- **WORK TO BE COMPLETED**: Print, in exact form, the lines below from the one containing "The two-minute neuro" through the one containing "For specific pathogenic", and omit all others.
--- RECORDS SHOWN Enclosed Below ---
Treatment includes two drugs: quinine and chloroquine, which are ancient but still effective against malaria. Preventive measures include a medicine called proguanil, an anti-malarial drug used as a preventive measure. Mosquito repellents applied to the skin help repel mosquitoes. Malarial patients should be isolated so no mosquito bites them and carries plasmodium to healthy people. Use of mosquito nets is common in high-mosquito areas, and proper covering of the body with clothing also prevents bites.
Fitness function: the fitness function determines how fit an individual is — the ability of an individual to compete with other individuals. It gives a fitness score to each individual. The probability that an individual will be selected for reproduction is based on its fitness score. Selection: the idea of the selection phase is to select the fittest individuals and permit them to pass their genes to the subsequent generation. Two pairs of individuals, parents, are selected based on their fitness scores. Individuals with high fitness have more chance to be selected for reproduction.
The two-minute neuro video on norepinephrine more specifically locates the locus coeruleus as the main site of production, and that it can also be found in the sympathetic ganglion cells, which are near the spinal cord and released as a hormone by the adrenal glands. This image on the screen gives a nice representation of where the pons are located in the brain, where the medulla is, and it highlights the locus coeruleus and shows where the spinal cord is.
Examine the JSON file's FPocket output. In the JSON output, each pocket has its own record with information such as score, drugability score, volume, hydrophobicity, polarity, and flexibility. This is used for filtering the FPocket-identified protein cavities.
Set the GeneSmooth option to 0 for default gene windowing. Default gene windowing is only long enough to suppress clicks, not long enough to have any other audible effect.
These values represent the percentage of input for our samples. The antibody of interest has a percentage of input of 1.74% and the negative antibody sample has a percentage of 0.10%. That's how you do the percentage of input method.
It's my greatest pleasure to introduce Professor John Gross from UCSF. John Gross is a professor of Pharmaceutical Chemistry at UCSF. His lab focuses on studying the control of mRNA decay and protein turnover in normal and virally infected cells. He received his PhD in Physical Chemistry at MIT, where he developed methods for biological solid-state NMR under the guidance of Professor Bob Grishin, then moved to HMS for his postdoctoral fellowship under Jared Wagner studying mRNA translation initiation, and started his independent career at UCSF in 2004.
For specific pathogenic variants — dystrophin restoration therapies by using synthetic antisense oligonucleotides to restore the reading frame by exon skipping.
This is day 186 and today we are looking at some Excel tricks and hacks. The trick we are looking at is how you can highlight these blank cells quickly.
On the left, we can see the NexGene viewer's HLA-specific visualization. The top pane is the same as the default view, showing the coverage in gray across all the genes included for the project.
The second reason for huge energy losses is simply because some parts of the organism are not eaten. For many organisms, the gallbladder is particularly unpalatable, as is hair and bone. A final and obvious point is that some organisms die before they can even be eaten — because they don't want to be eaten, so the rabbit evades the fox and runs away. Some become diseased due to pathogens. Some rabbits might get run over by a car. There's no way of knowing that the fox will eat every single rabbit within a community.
--- End of Enclosed RECORDS SHOWN ---
- **ANSWER AREA**:
The two-minute neuro video on norepinephrine more specifically locates the locus coeruleus as the main site of production, and that it can also be found in the sympathetic ganglion cells, which are near the spinal cord and released as a hormone by the adrenal glands. This image on the screen gives a nice representation of where the pons are located in the brain, where the medulla is, and it highlights the locus coeruleus and shows where the spinal cord is.
Examine the JSON file's FPocket output. In the JSON output, each pocket has its own record with information such as score, drugability score, volume, hydrophobicity, polarity, and flexibility. This is used for filtering the FPocket-identified protein cavities.
Set the GeneSmooth option to 0 for default gene windowing. Default gene windowing is only long enough to suppress clicks, not long enough to have any other audible effect.
These values represent the percentage of input for our samples. The antibody of interest has a percentage of input of 1.74% and the negative antibody sample has a percentage of 0.10%. That's how you do the percentage of input method.
It's my greatest pleasure to introduce Professor John Gross from UCSF. John Gross is a professor of Pharmaceutical Chemistry at UCSF. His lab focuses on studying the control of mRNA decay and protein turnover in normal and virally infected cells. He received his PhD in Physical Chemistry at MIT, where he developed methods for biological solid-state NMR under the guidance of Professor Bob Grishin, then moved to HMS for his postdoctoral fellowship under Jared Wagner studying mRNA translation initiation, and started his independent career at UCSF in 2004.
For specific pathogenic variants — dystrophin restoration therapies by using synthetic antisense oligonucleotides to restore the reading frame by exon skipping.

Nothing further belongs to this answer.